◆ Exercise directions ◆
Set down the first line below and each line after it, ending with the one that holds "Submarine Dives Under". Pictures do not belong in the copy.

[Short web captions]
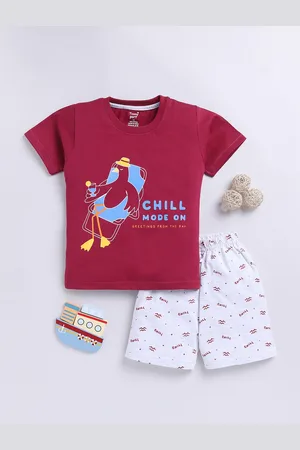 Toonyport Boys Pack of 2 Printed T-shirt with Shorts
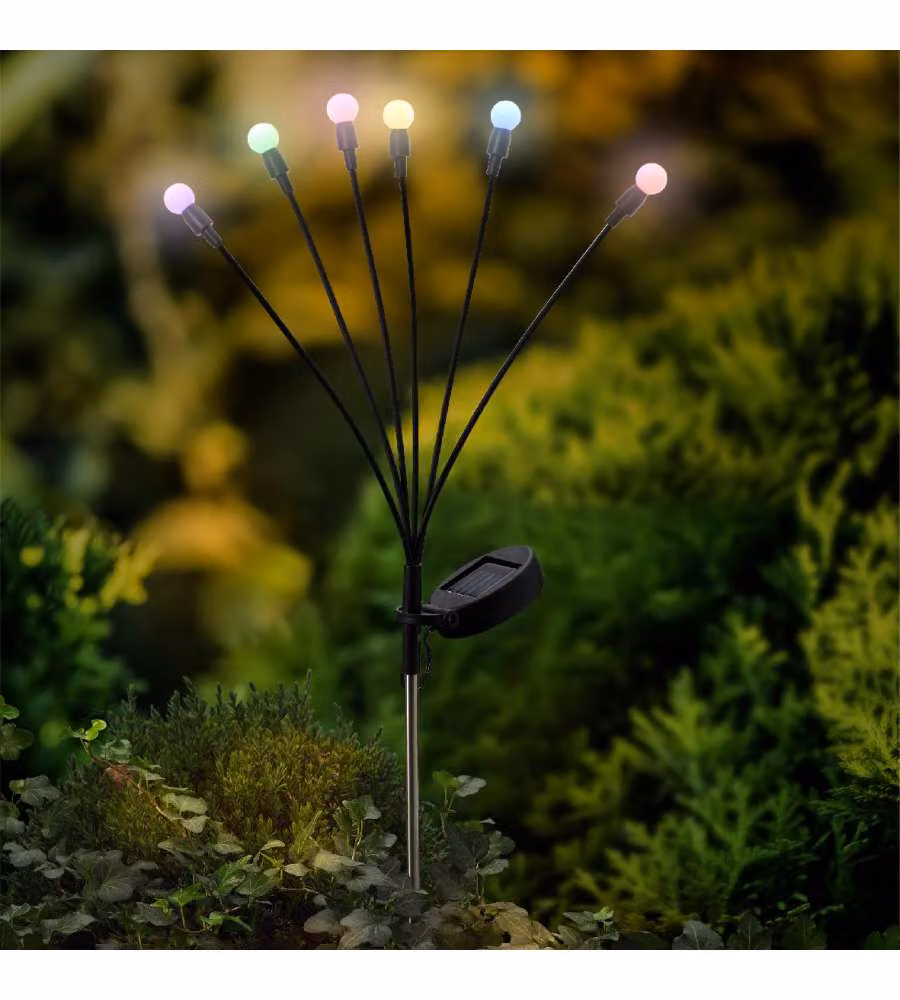 Paletto solare led multicolor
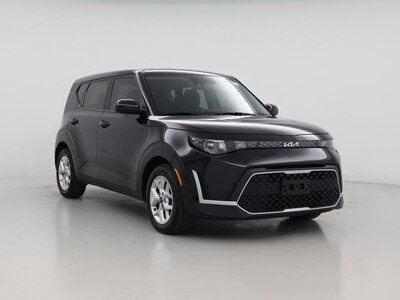 Black 2023 Kia Soul LX
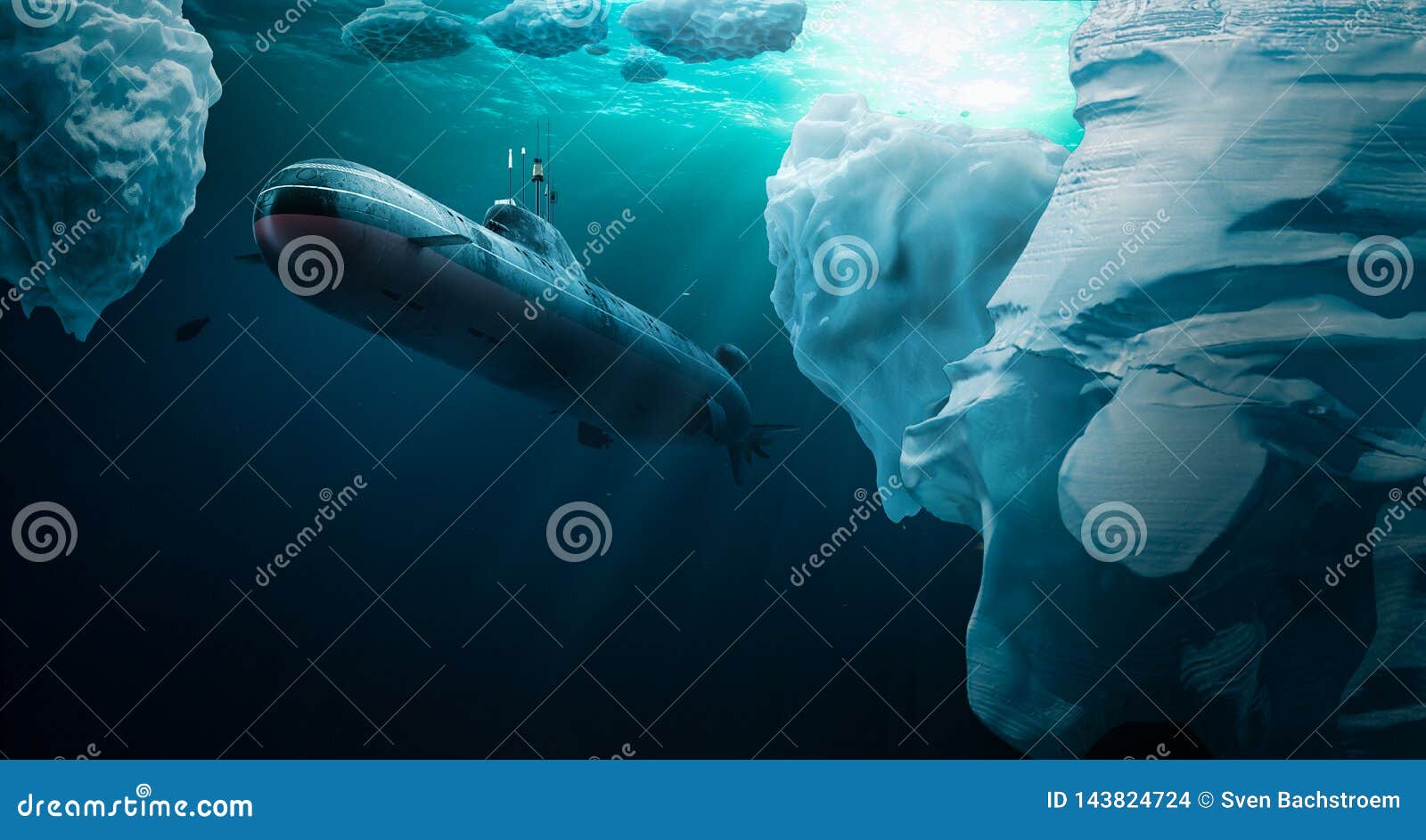 Submarine Dives Under the Ice Stock Photo Image of antarctica, crisis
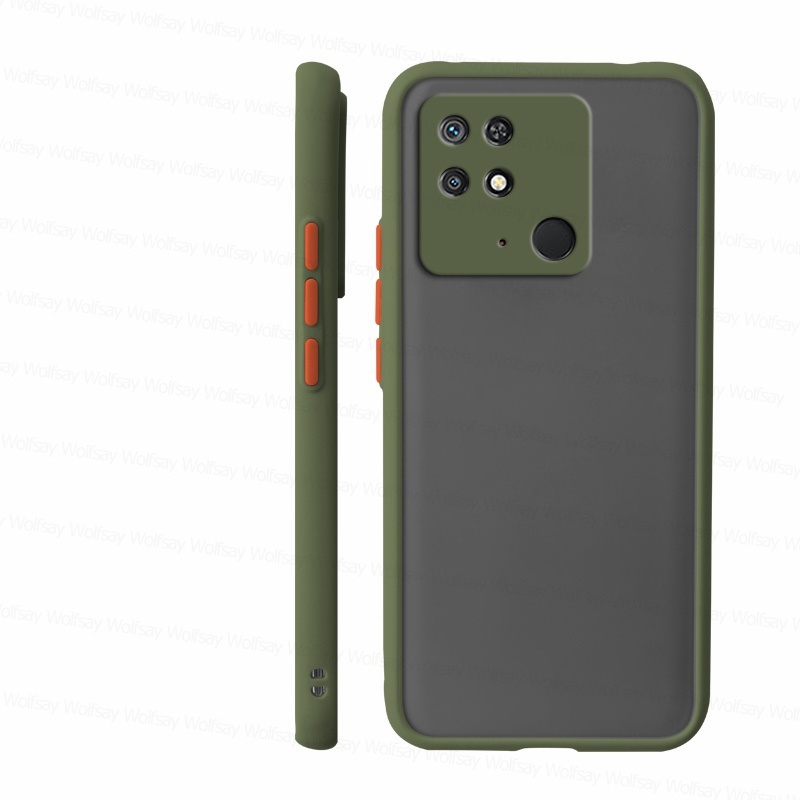 Ốp Điện Thoại TPU Mềm Chống Sốc Mặt Nhám Dành Cho Xiaomi Redmi 10C Note 11 11S 11 Pro 10 10S K50 Poco M4 Pro 5G M3 X3 F3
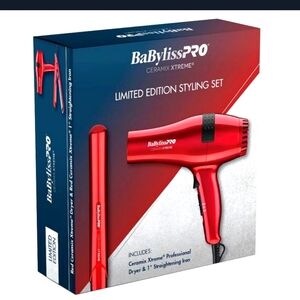 BaBylissPRO Ceramic Xtreme Limited Edition Styling Set - Dryer & Straightener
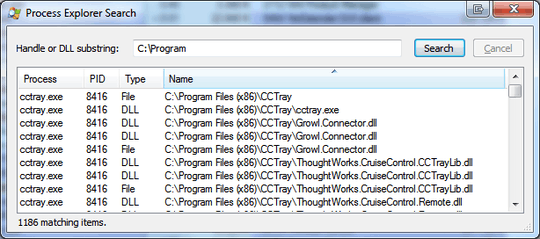 C:\Program in Process Explorer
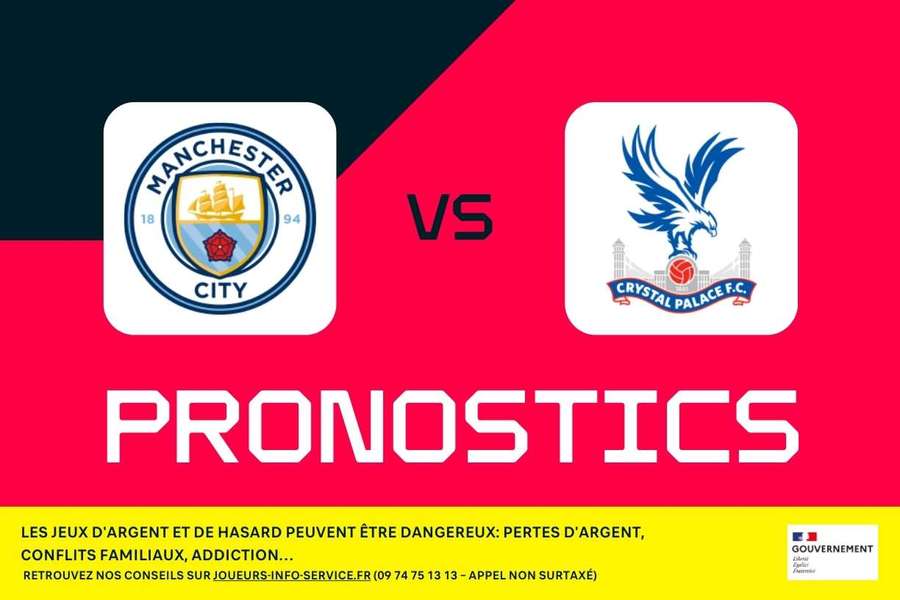 Manchester City - Crystal Palace : pronostics, meilleurs paris et cotes (Premier League)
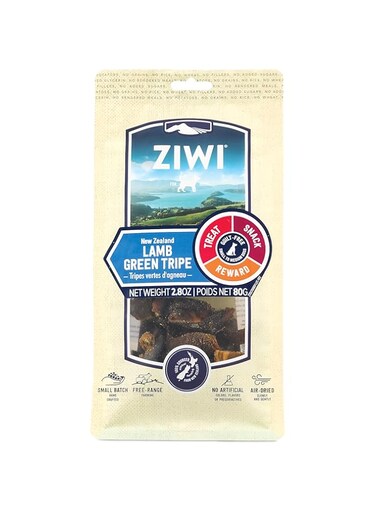 ZIWI Peak Lamb Green Tripe Dog Treats - 80G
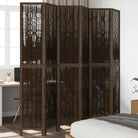 Kamerscherm van wilgentakken voor gebruik binnenshuis met eenvoudig schoon onderhoud - 40 x 220 cm / 6 - Kamerschermen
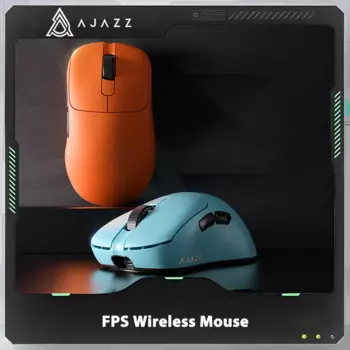 Ajazz AJ179 Apex беспроводная мышь PAW3950 три режима 8K FPS игровая мышь с зарядным устройством легкие игровые аксессуары подарок
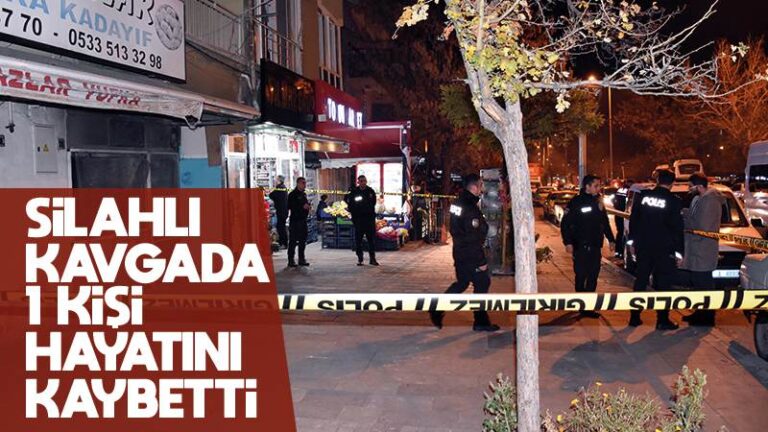 Kırıkkale’de silahlı kavgada 1 kişi öldü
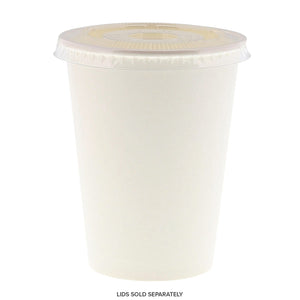 AmerCareRoyal Take-Out/Dine-In/Disposable Beverage Supplies 12 oz 12 oz White Paper Cold Cups. Case of 1,000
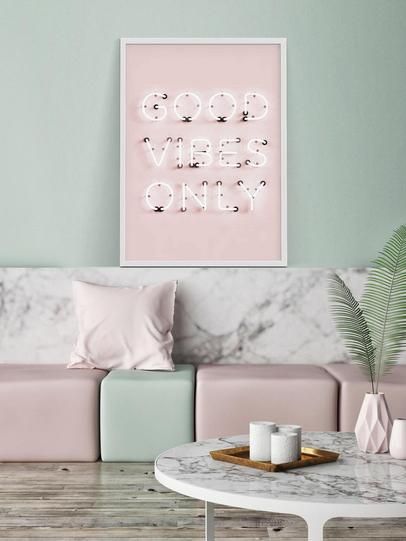 Pastel Interior, Pastel Home Decor, Neon Decor, Pastel House, Pastel Decor, Home Office Living Room, Motivational Art, Modern Home Office, Office Living Room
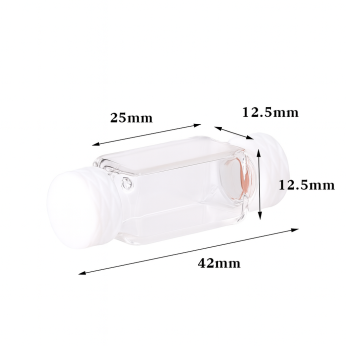 (VLFSC) 2mL Flow Cell with PTFE Screw Cap, Airtight, 2 Windows, Lightpath 10 mm, Molded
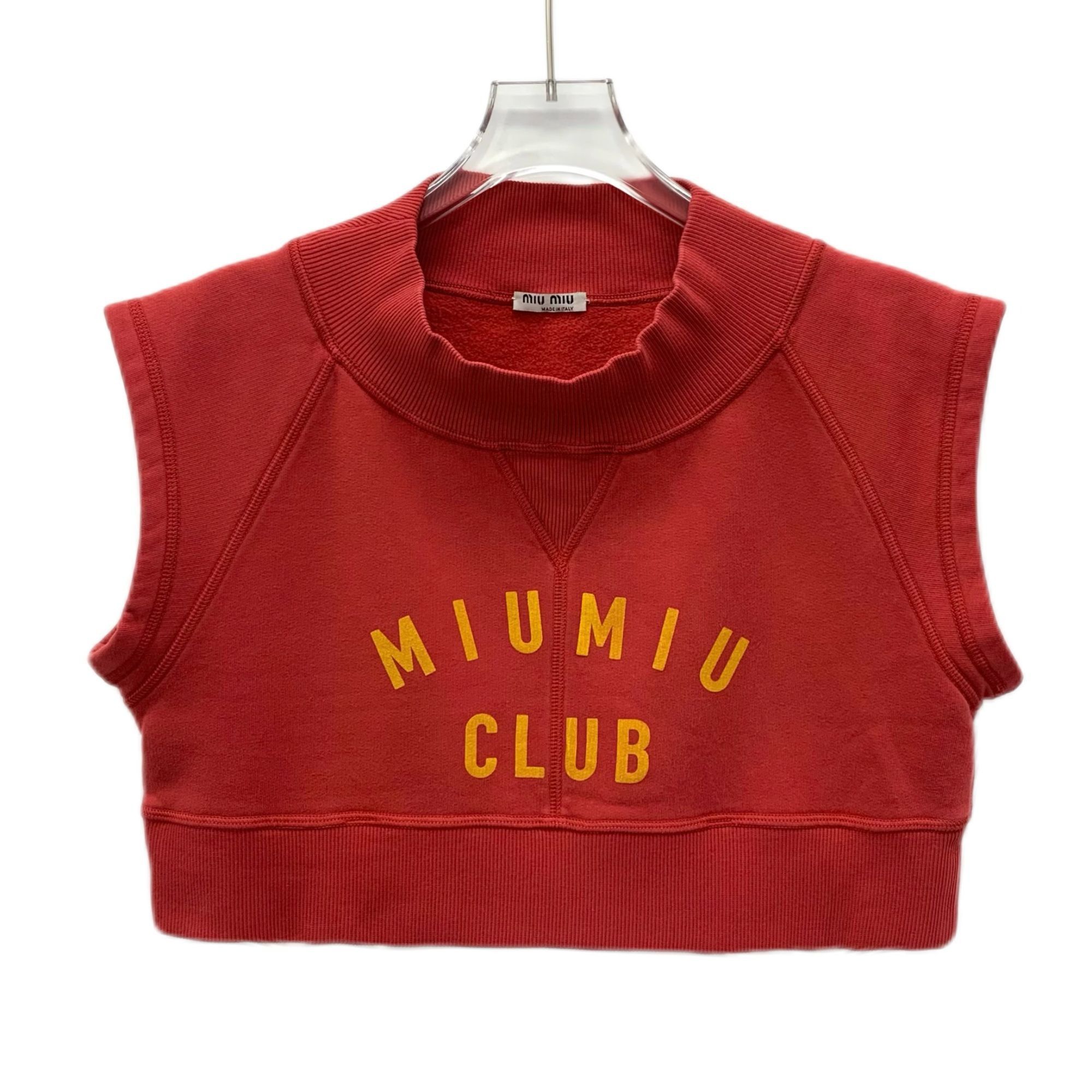 Miu Miu Miu Miu Red Cotton Logo Print T-Shirt and Shorts Set (Size S Size XS / US 0-2 / IT 36-38 - 1 Thumbnail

◆ Finished exercise ◆
 Toonyport Boys Pack of 2 Printed T-shirt with Shorts
 Paletto solare led multicolor
 Black 2023 Kia Soul LX
 Submarine Dives Under the Ice Stock Photo Image of antarctica, crisis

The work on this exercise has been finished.